Quintimius: Right, put LII in the denominator (sounds of confusion). That is right, if citizens go to more than one show then they are counted more than once (grunts faking understanding are heard). Now (he exclaims triumphantly) we combine each pair of numbers as we would count area and then combine the results as we were counting length (dark cloud of depression envelops the panel) and do the reverse area computation on the numerator and the denominator (Maxorus is leaning dangerously on his sword).

Quintimius: anything else?

Maxorus: our stadium should have IV sectors and III tiers.

Quintimius:  No problem, combine this as area with everything else (Decorina looks startled and starts scribbling with her big toe in the sand) Now we put this all together and the answer is approximately 
MMMMMMMMMMMMMMMMMMMMMMMMMMMMMMCCCLXIV. 
This is the final size of our stadium.

Decorina: Could it be only MMDXXX (she says happily as this is the first complete sentence that she was allowed to produce).


Decorina makes a point

Quintimius: (with a patronizing smile) That is a very different number!

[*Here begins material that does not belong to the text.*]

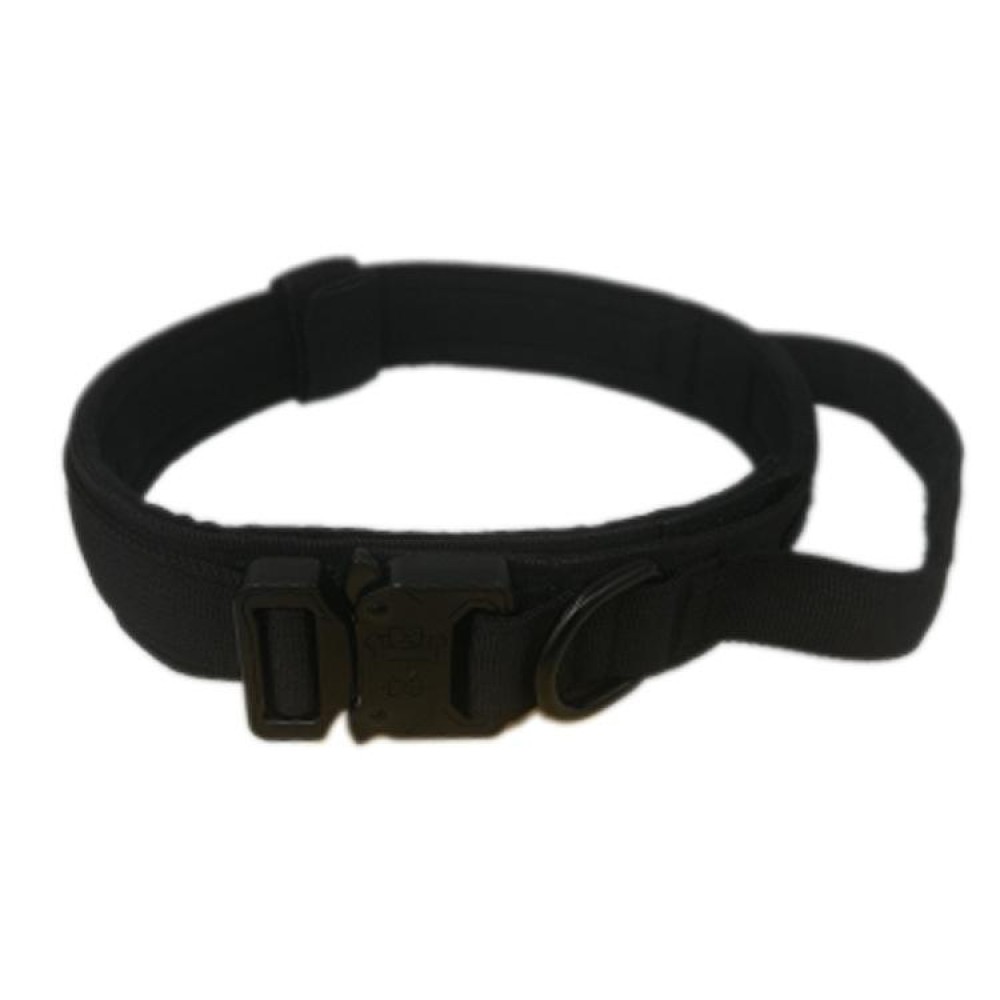 Nylon Thickened Large And Medium-Sized Dog Traction Collar Pet Collar, Size:L(Black)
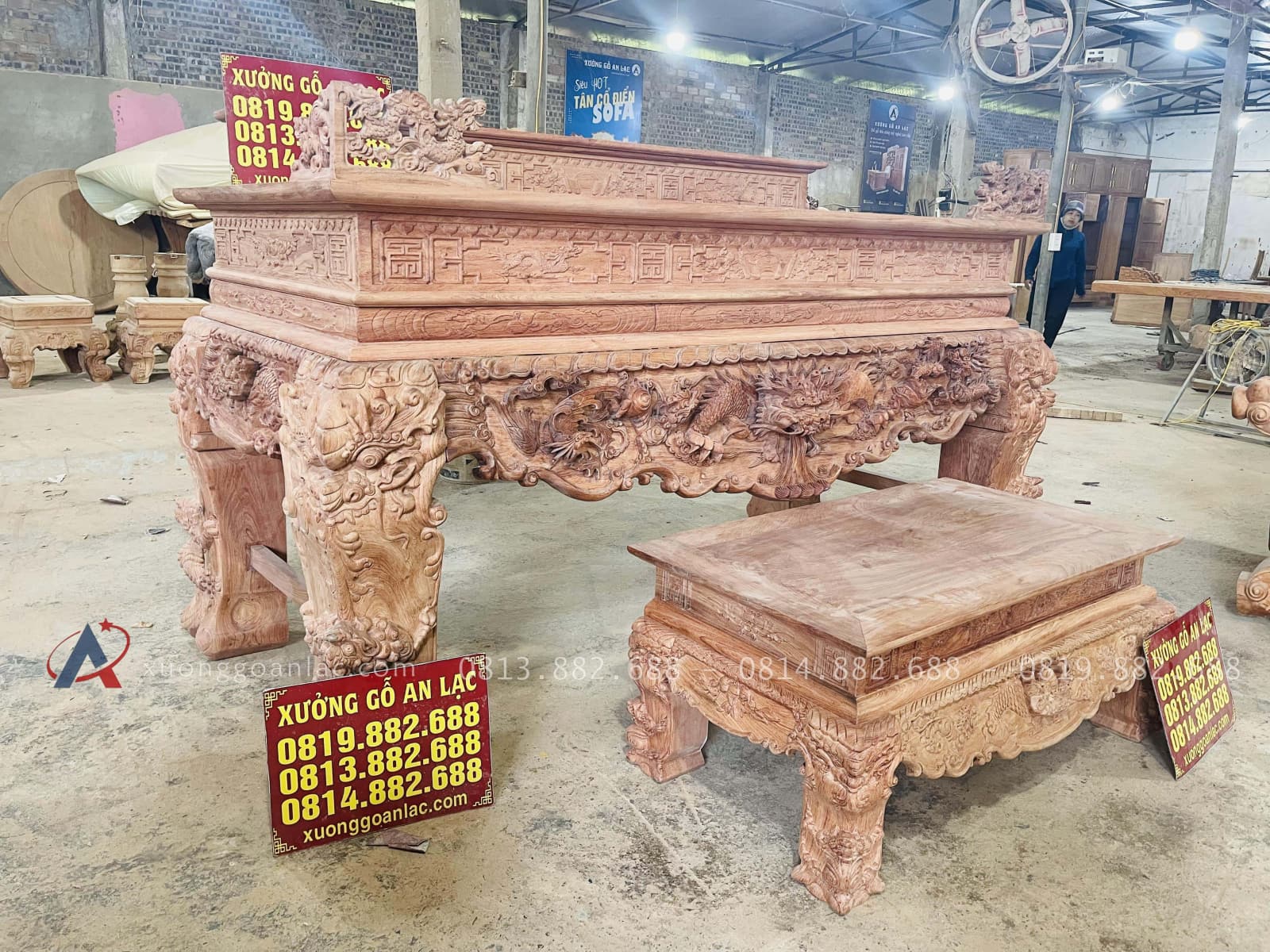Nguyên mộc sập thờ tứ linh nhị cấp 2m17 giao Bình Thuận 33 combo sập thờ và bàn cơm gỗ hương đá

Aren't you forgetting something?

Decorina: perhaps these sectors and tiers have nothing to  (Flavadius cuts in)

Flavadius: are we done? can I get my per diem now?

Wulfnoth: Thank you very much for your panel service. Your help is invaluable and we know how precious your time is (Maxorus tries to look busy). We will be discussing a project for Emperor's bathhouse next week. I hope I can count on you.

Aftermath

The panel ended and the final recommendation was off by an order of magnitude, the stadium was designed for 30,364 seats rather than 2,530. A five hundred year loan taxed the city to death and failure to capture Caledonia crushed it with ballooning  interest payments. By sixth century CE the city of love was abandoned never to be populated again. Our team was saddened, but we cheered up sailing along the Mediterranean coast and taking it easy. 

Taking a break with students and postdocs

In the end, our research did not put the blame squarely on the Roman numerals, and perhaps more nuanced factors played role in the fall of Aphrodisias. Our team was divided too. Guys sort of liked the stadium and found its gargantuan size in line with their dreams and ambitions no matter what the cost. Gals cared little about the stadium, but they mourned the destruction of Aphrodisias and were appalled by the neanderthal treatment of Decorina and a lost opportunity for listening to a voice of reason.